Neste mês de novembro faleceu um dos programas sociais mais reconhecidos mundialmente, o Bolsa Família. Em seu lugar, entra o confuso Auxílio Brasil. Mas quem, afinal, matou o Bolsa?
Ora, o contexto nos faz buscar o caminho óbvio ao apontar o culpado —o governo federal e seu desdém pela área social. Porém, tal assassinato parece envolver trama mais complexa: o governo apertou o gatilho, mas a perícia indica que o local do crime foi organizado por muitos de nós. Sim, também ajudamos a matar o Bolsa Família.
Nós ajudamos a matar o programa quando, no exercício essencial da atividade de imprensa, optamos por linhas editoriais preconceituosas e sem embasamento empírico. E, negando as evidências, insistimos em chamá-lo, durante anos, de assistencialista, gerador de dependência ou mecanismo de compra de votos. Atuando nos órgãos de controle, também ajudamos a executá-lo ao colocar nosso desejo de aparecer acima da sobriedade necessária à fiscalização das políticas públicas.
Alardeamos achados iniciais de auditoria como se fossem fatos conclusivos. Lembram-se dos beneficiários com propriedade de veículos caros ou que fizeram doações eleitorais de alto valor? Pois é, a apuração mostrou que a maioria expressiva desses casos era fraude fiscal: pessoas pobres usadas como laranjas.
Ajudamos a matar o Bolsa com a nossa vaidade intelectual. Divulgamos simulações com desenhos de novos programas cujo foco seria, em tese, muito melhor. Mas fizemos isso sem esclarecer que a focalização do Bolsa Família estava profundamente em linha com os programas internacionais de mesmo tipo e que nossos modelos analíticos baseavam-se em pressupostos pouco aderentes: Estado onisciente, pessoas pobres com total clareza das regras e incluídas digitalmente, rede de assistência social completamente ágil.

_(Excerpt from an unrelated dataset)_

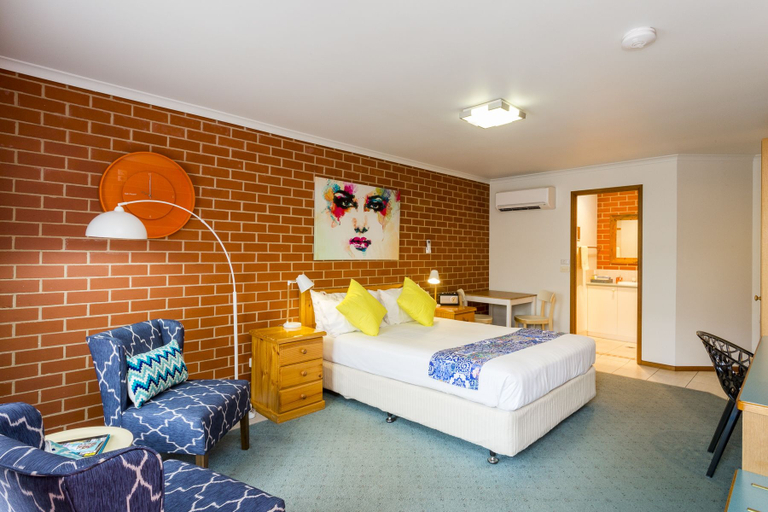 Bedroom 4, Yackandandah Motor Inn, Indigo - Pt A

E quando nós, servidores públicos cuja função seria assegurar a boa atuação estatal, nos dispusemos a fazer qualquer serviço, também o matamos. "Estamos simplesmente cumprindo ordens", dissemos, num bom exemplo de banalização do mal.
Colaboramos com sua morte por nossa paciência com o tiozão polemista na ceia de Natal. Era batata: em toda família, em todo Natal, lá estava o tiozão bradando o famoso caso da "empregada da prima de uma tia de uma amiga dele" que deixou de trabalhar e agora só quer saber de fazer filho por conta do Bolsa Família. Para não estragar a ceia, nos calamos diante da maledicência sobre essa personagem tão famosa quanto irreal.
E o matamos de sobrecarga. O Bolsa não podia somente dar o peixe: era preciso que ensinasse a pescar, instruísse o pescador sobre a devida manipulação do alimento, o conectasse à indústria alimentícia e, quiçá, o transformasse num empresário de sucesso. Exigimos do Bolsa Família, um programa de renda assistencial articulado à saúde e à educação, que resolvesse toda a complexidade da pobreza brasileira.
Pois toda vez que agimos conforme esses exemplos, ou os reverberamos, ajudamos a construir a percepção de que seria um programa antiquado. E o Bolsa não foi antiquado. Foi inovador e com excelentes resultados. De fato, tinha lacunas que careciam de correção, e nós inclusive facilitamos sua morte ao lhe negar, durante 18 anos, melhorias importantes, como a fixação de critérios e periodicidade de atualização das suas linhas de pobreza e valores de benefícios, o fim das filas e a extensão de benefícios a famílias pobres sem filhos. Sim, mata-se também por omissão.
O Bolsa Família precisava ser melhorado, mas não merecia ser assassinado no improviso de uma medida provisória sem parâmetros monetários, com benefícios pulverizados e tão calcada na ideia de que a pobreza é um fenômeno de responsabilidade individual. O Auxílio Brasil, este sim, nasce ultrapassado, pois se pauta numa concepção de pobreza comum ao século 19.
Resta ao Bolsa o reconhecimento póstumo de um programa que viveu com dignidade e contribuiu para que milhões de pessoas pudessem experimentá-la. A nós, cujas ações, palavras ou omissões colaboraram com o cenário do crime, resta a reflexão de que ele morreu também por soberba. No caso, a nossa.